Se tem um tema recorrente entre os designers hoje, este tema é o plágio - principalmente quando o assunto é design de marca.
É indiscutível que o volume de imagens disponíveis online facilite a vida de alguns mal-intencionados e que por isso haja sim muito plágio acontecendo, mas com certeza é muito menos do que se promove.
A impressão que tenho é que a cada 10 marcas publicadas nas redes sociais, 11 são acusadas de plágio. Para piorar, essas acusações dificilmente são feitas diretamente para o suposto plagiador, mas compartilhadas publicamente e normalmente utilizando tons desnecessariamente agressivos. Parece que hoje nenhuma opinião é pessoal, todas devem ser públicas e necessitam de aceitação em massa.

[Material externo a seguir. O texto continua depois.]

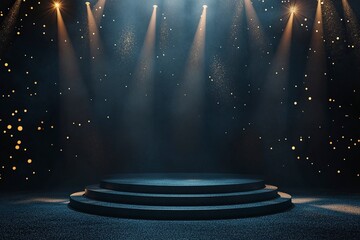 Wall Mural - dark blue stage with golden spotlight lines and glitter texture for award ceremony design. realistic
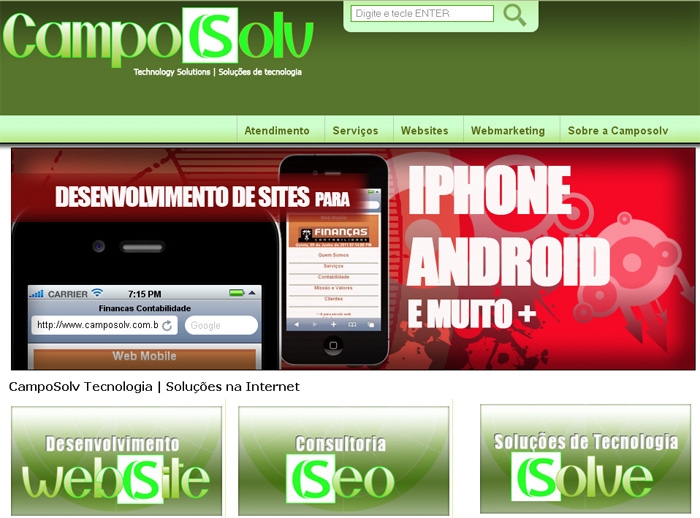 Site Comercial da CampoSolv Tecnologia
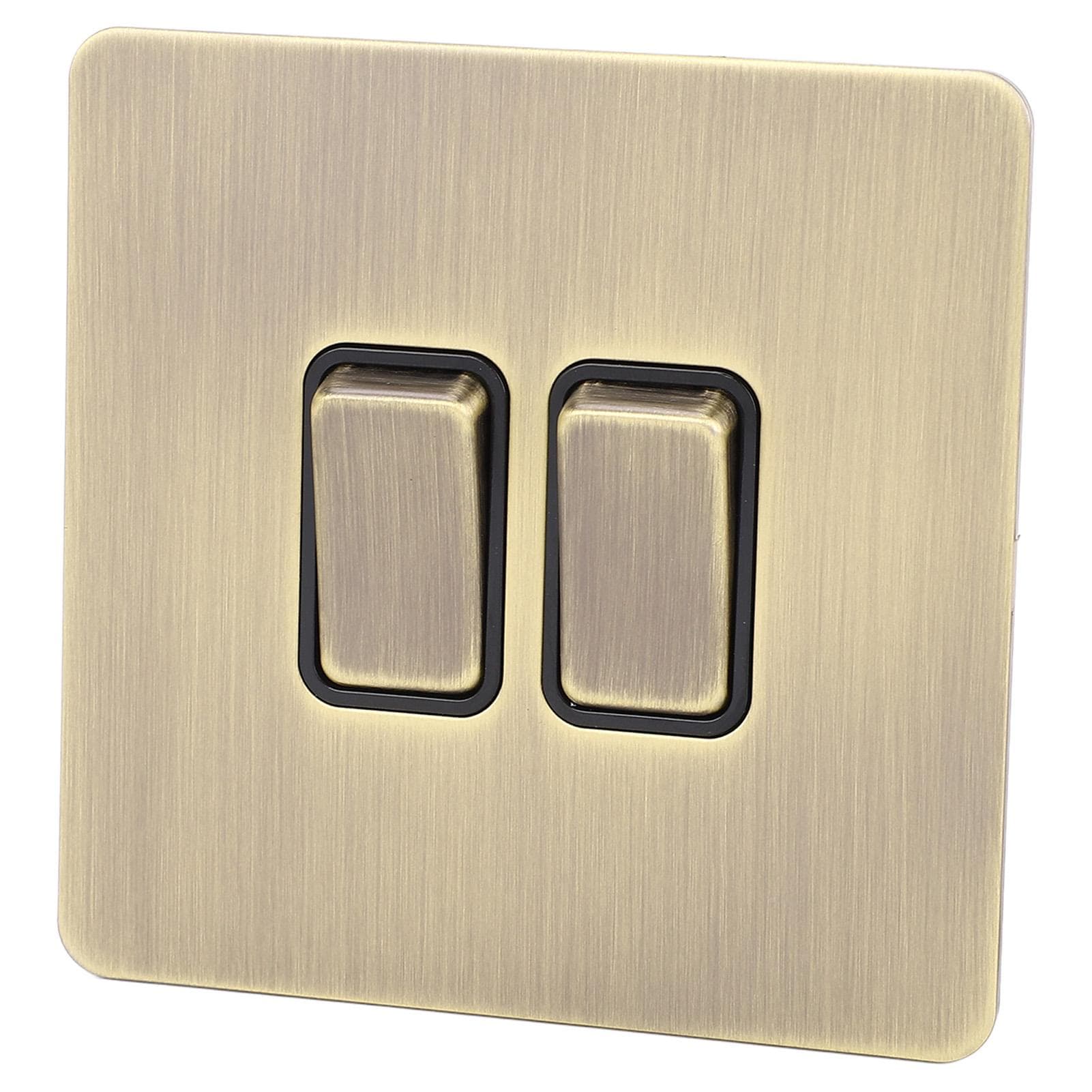 2 Gang Switch Antique Bronze Texture Elegant Decorative Stainless Steel Panel Wall Switch AC250V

Isso muitas vezes pode ter consequências desastrosas pois, neste caso, o que poderia ser uma conversa saudável entre duas partes pode se tornar uma espécie de motim e destruir a carreira de um bom profissional por um erro, deslize, ou pior, por nada.
Não sou especialista em questões legais de registro de marca ou propriedade intelectual, por isso decidi estudar o assunto de forma abrangente antes de fechar uma opinião sobre o ponto de vista do design gráfico.
Este artigo é o resultado deste estudo, portanto, sinta-se livre para tirar suas próprias conclusões.
O conceito de descobertas múltiplas
É totalmente possível que duas ou mais pessoas tenham a mesma ideia, ao mesmo tempo, sem que uma tenha conhecimento da existência da outra.
O conceito de descobertas múltiplas defende a hipótese de que sempre que alguém tem uma grande ideia, provavelmente há outra pessoa no mesmo caminho.
Um dos casos mais conhecidos entre nós, brasileiros, é o de Santos Dumont e os irmãos Wright. Quem inventou o avião, afinal?
Provavelmente os três. A única diferença entre Santos Dumont e os irmãos Wright, ao que tudo indica, é que o brasileiro fez seus testes para o público, enquanto os Wright apresentavam seus vôos na presença de poucas pessoas. Outros nomes, como Otto Lilienthal e Percy Pilcher estavam no mesmo caminho e já vinham tentando construir uma máquina voadora antes mesmo do trio.
Isaac Newton, inglês, e Gottfried Lebniz, alemão, inventaram o cálculo praticamente ao mesmo tempo, por volta de 1684.
Charles Darwin propôs a teoria de evolução praticamente ao mesmo tempo que Alfred Russel Wallace. Ambos eram britânicos.
Toda criação requer influência
“Copiar, transformar e combinar” é um padrão presente na evolução das espécies, evolução social e também na criatividade.
Tudo que você cria é inspirado em alguma coisa, e por mais que você tente não terá como fugir. Isso pode explicar o fenômeno das descobertas múltiplas, pois por mais que você crie algo com base nas suas próprias experiências, estas experiências são construídas com base em materiais, referências e necessidades que se estendem para outras pessoas.
Você provavelmente já ouviu a história de que a Apple copiou designs criados pela Braun nas décadas de 60 e 70. Não encontrei nenhuma confirmação sobre esta afirmativa e não acho que isso se caracterize como cópia ou plágio, mas acho bastante provável que a Braun tenha servido como inspiração para a Apple.
Quentin Tarantino é conhecido por fazer referências não somente a vários gêneros de filmes, mas também a cenários, músicas e até mesmo figurinos utilizados em outros filmes.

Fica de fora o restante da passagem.